After five years of manufacturing microphones, Lewitt have developed a recording app for iOS devices. The product is designed to make it easy for iPhone and iPad owners to make high-quality recordings, either using the mic built into their device, or one that is connected to the Lightning socket. On the face of it, the app is free, but the ability to export recorded audio to destinations such as Soundcloud, iTunes File Sharing and via email is disabled until the user purchases the Pro Package version, or connects a Lewitt microphone to the iOS device. Clearly this is a significant limitation, so realistically the Pro Package price is what most will be paying.
The app’s opening page is built around a side-scrolling menu of recording icons, which grows with every new song creation. At the foot of the page there are buttons for creating a new recording, importing a file and selecting an existing recording. Alternatively, tapping on one of the icons opens that particular song’s audio display where there are transport, record and file-sharing controls, as well as a settings panel where things like the metering type, peak-hold time, pre-count length and recording mode are decided. The mode settings determine whether audio is added to the end of a previous recording, written over what’s already there, or mixed with the existing audio, but multitracking is not an option.
When a new recording is made, the user is give the chance to alter the word length and sample frequency. The word length can be 16- or 32-bit, but not 24, which seems a bit strange. The default sampling frequency is 44.1KHz, but the 48KHz option will be useful to those who are recording sound for picture. Apparently the app is capable of 96KHz too, but the option was greyed out on my iPad. By default the app is set up to use the on-board mono mic, but if a stereo mic is attached the stereo record option immediately activates.

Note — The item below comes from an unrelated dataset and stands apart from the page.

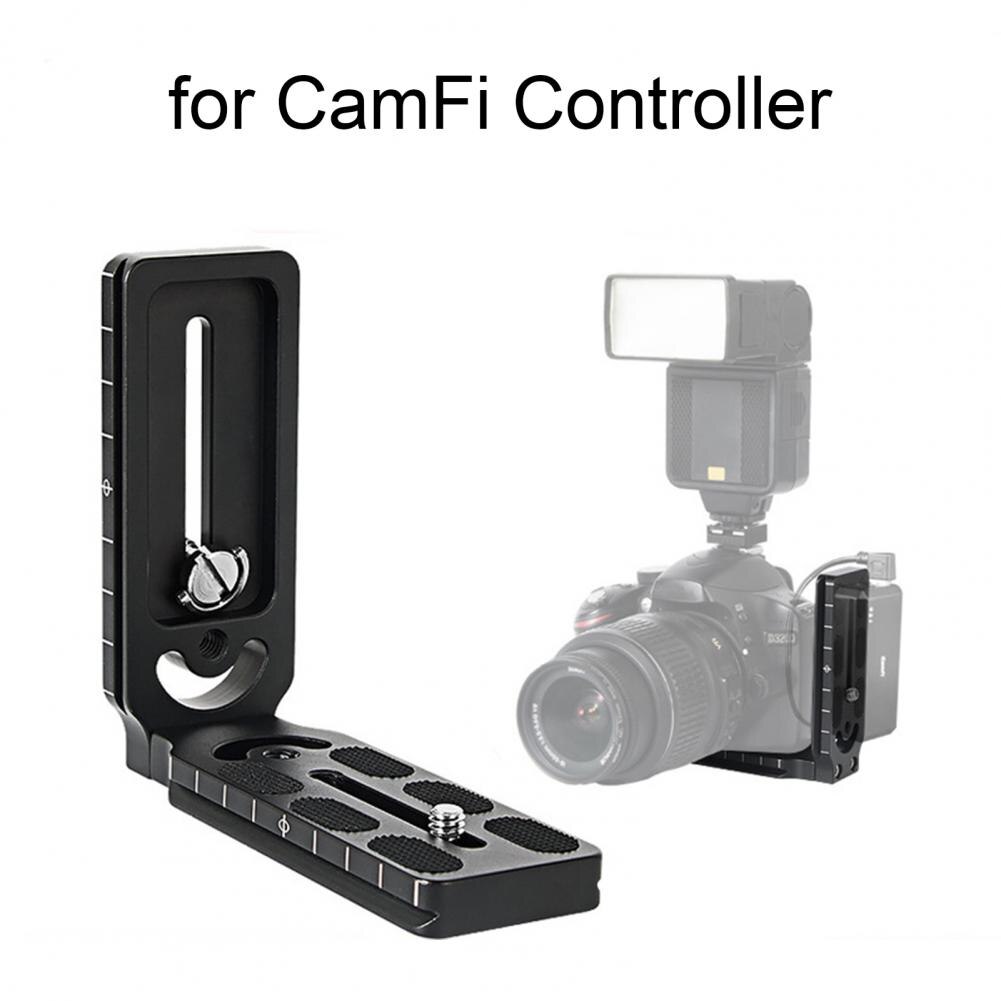 Camera L Plaat Dslr Stand Quick Disconnect L-Plaat... – Vicedeal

Whether it’s making a new recording or modifying an existing one, the app shows what’s going on very clearly by way of a large, expandable waveform display with its own marker system and time ruler. It all works very nicely and makes recording a simple process.
After a recording has been created, a little bit of production can be done using the processors found on the Tools page. Here there is a very simple mixer, a reasonably detailed compressor, and a straightforward reverb, but all settings are applied to the recorded file rather than the input signal.
Elsewhere within the app there is a page called My Recordings, which is a kind of database with sorting, searching and filter tools. These search facilities, together with a field for setting up a naming convention at the start of the session, could be very useful for sound-for-picture recording jobs where a lot of audio files need to be collated at the end of the day. The quality of the app’s recordings depends on the iOS hardware and attached mic, so it can’t be judged in that department, but it certainly succeeds at being a simple-to-use recording tool, and its song organising facilities are a definite plus point. For many straightforward recording jobs, this app will be all that’s required.
Free or £3.99 for the Pro Package with an unrestricted feature set.
Free or $4.99 for the Pro Package with an unrestricted feature set.